Segment Start: SUPPLIED ENTRIES

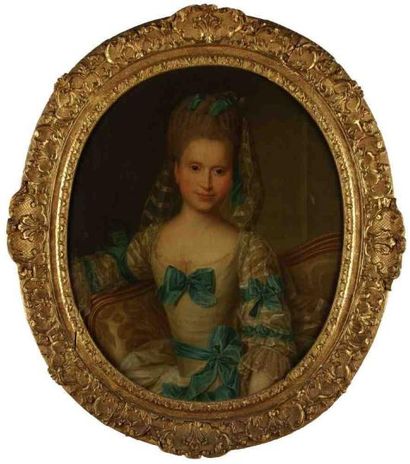 Attribué à Louis Michel van LOO (1707-1771) Portrait présumé de la Marquise de Cany,...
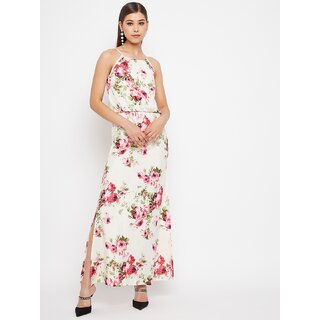 Elegant Women Purys Women White Fit & Flare Dress 2025 at ShopCircuit | ONDC
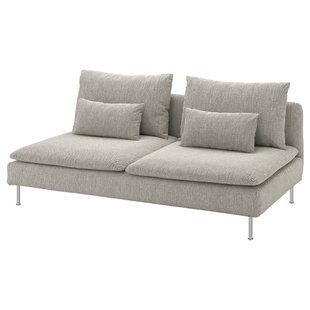 ИКЕА Трехмесная секция S&Ouml;DERHAMN, 893.056.15 Трехмесная секция, Виарп бежевый, коричневый 893.056.15 фото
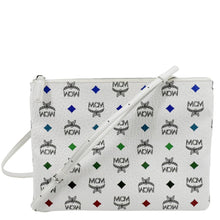 Load image into Gallery viewer, MCM Visetos Medium Canvas Crossbody Pouch Multicolor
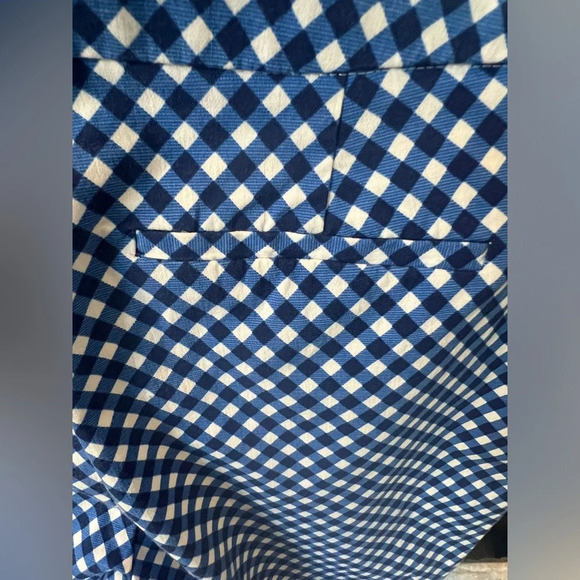 Chico's size 1.5 (Medium/Size 10) pull up pants blue checks - Picture 9 of 11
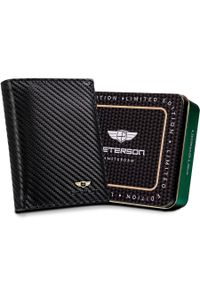 Portfel skórzany Peterson czarny PTN 303-CA-6570 Black. Kolor: czarny. Materiał: skóra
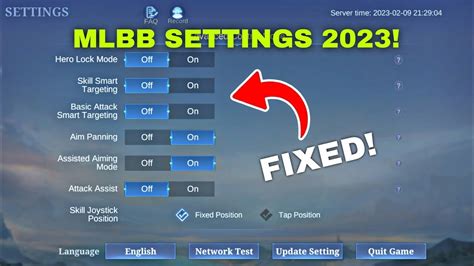 MOBILE LEGENDS SETTINGS 2023 FIX YOUR SETTINGS MLBB YouTube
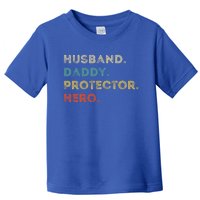 Husband Daddy Protector Hero Vintage Fathers Day Vintage Gift Toddler T-Shirt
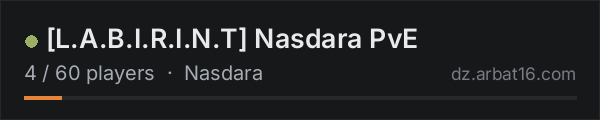 [L.A.B.I.R.I.N.T] Nasdara PvE on the AR16 DayZ server list
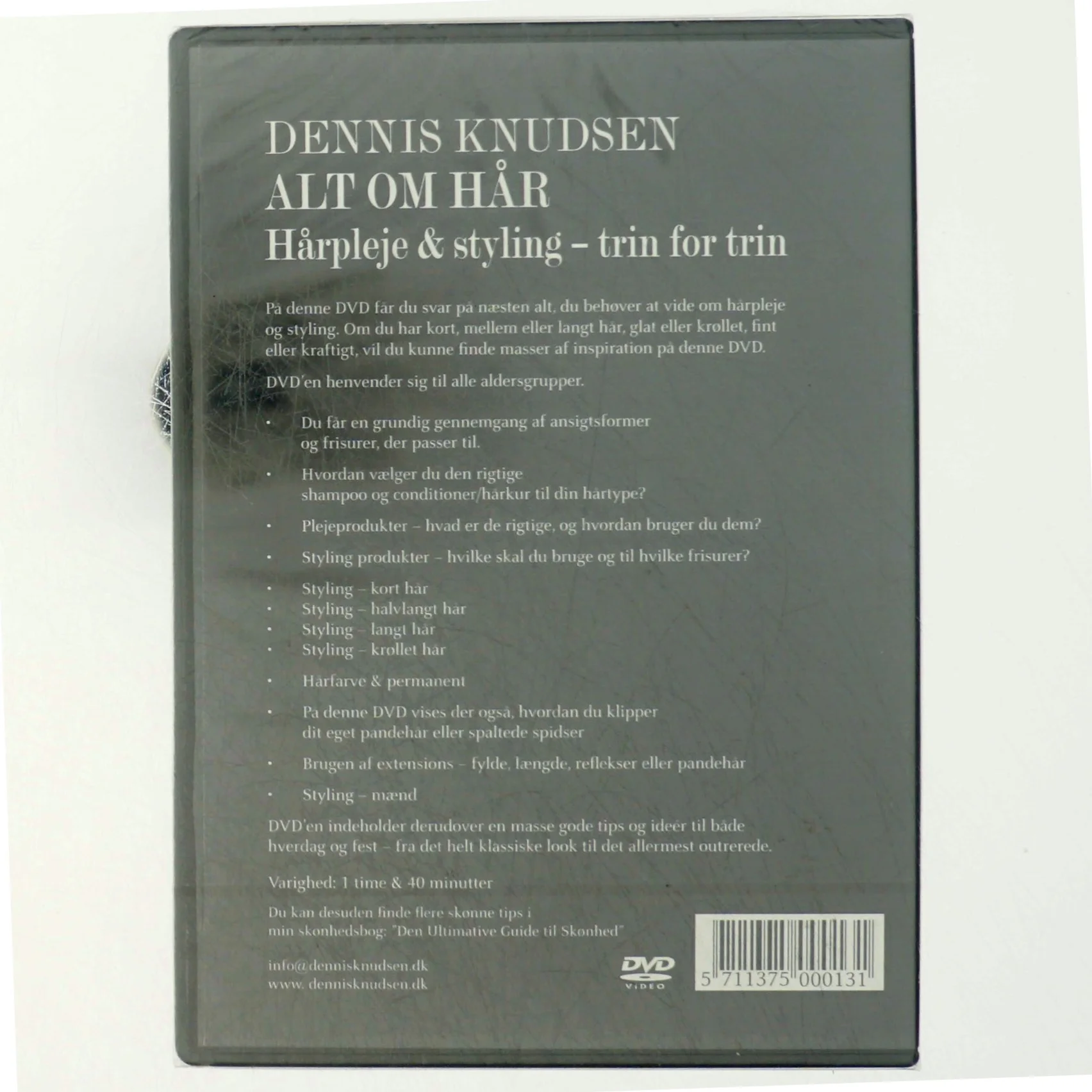 Dennis Knudsen: Alt om hår, hårpleje og styling - trin for trin (DVD)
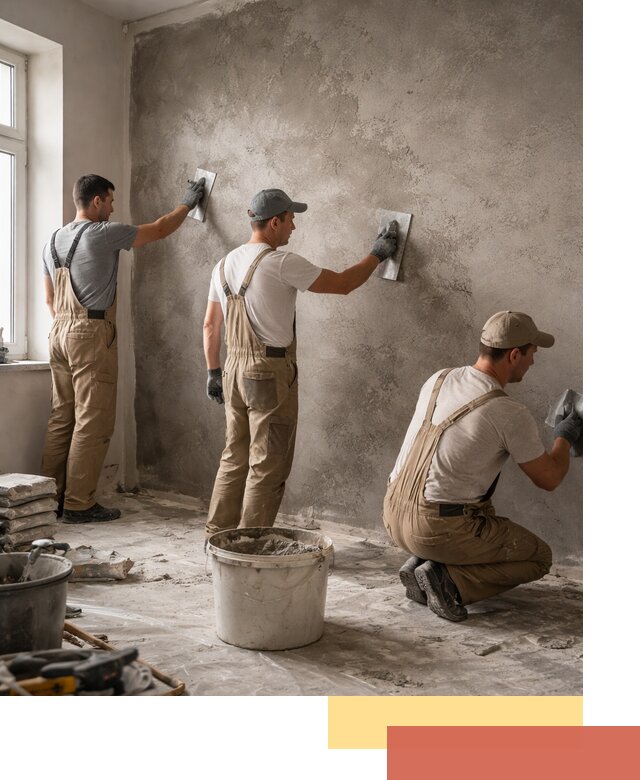 Декоративная штукатурка под бетон в Новокубанске для стен и потолков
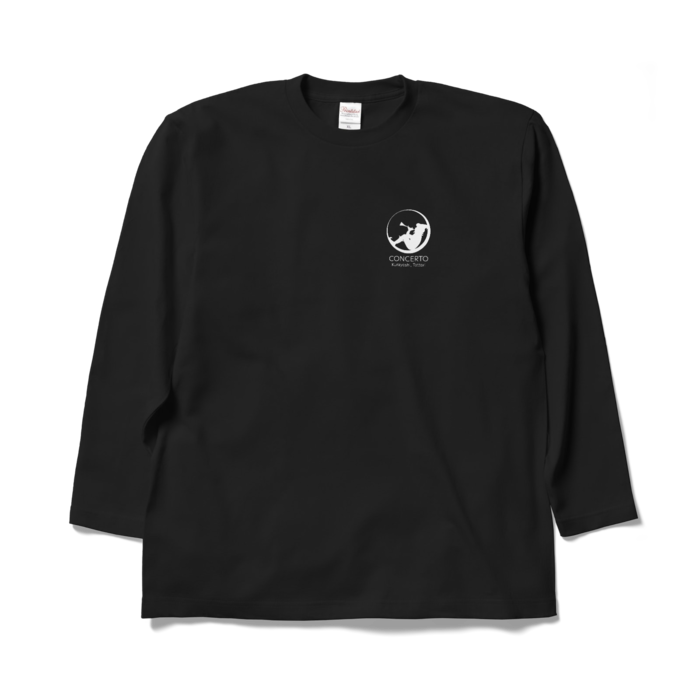 ロゴ長袖Tシャツ-ブラック(XL)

Segment End: SUPPLIED ENTRIES

— TASK GOAL —
Begin at the first line of the entries above and return each line exactly, stopping after the line that contains "[L.A.B.I.R.I.N.T] Nasdara PvE". Pictures do not belong in the copy.

— ANSWER FOR THIS EXERCISE —
 Attribué à Louis Michel van LOO (1707-1771) Portrait présumé de la Marquise de Cany,...
 Elegant Women Purys Women White Fit & Flare Dress 2025 at ShopCircuit | ONDC
 ИКЕА Трехмесная секция S&Ouml;DERHAMN, 893.056.15 Трехмесная секция, Виарп бежевый, коричневый 893.056.15 фото
 Load image into Gallery viewer, MCM Visetos Medium Canvas Crossbody Pouch Multicolor
 Chico's size 1.5 (Medium/Size 10) pull up pants blue checks - Picture 9 of 11
 Portfel skórzany Peterson czarny PTN 303-CA-6570 Black. Kolor: czarny. Materiał: skóra
 MOBILE LEGENDS SETTINGS 2023 FIX YOUR SETTINGS MLBB YouTube
 Husband Daddy Protector Hero Vintage Fathers Day Vintage Gift Toddler T-Shirt
 [L.A.B.I.R.I.N.T] Nasdara PvE on the AR16 DayZ server list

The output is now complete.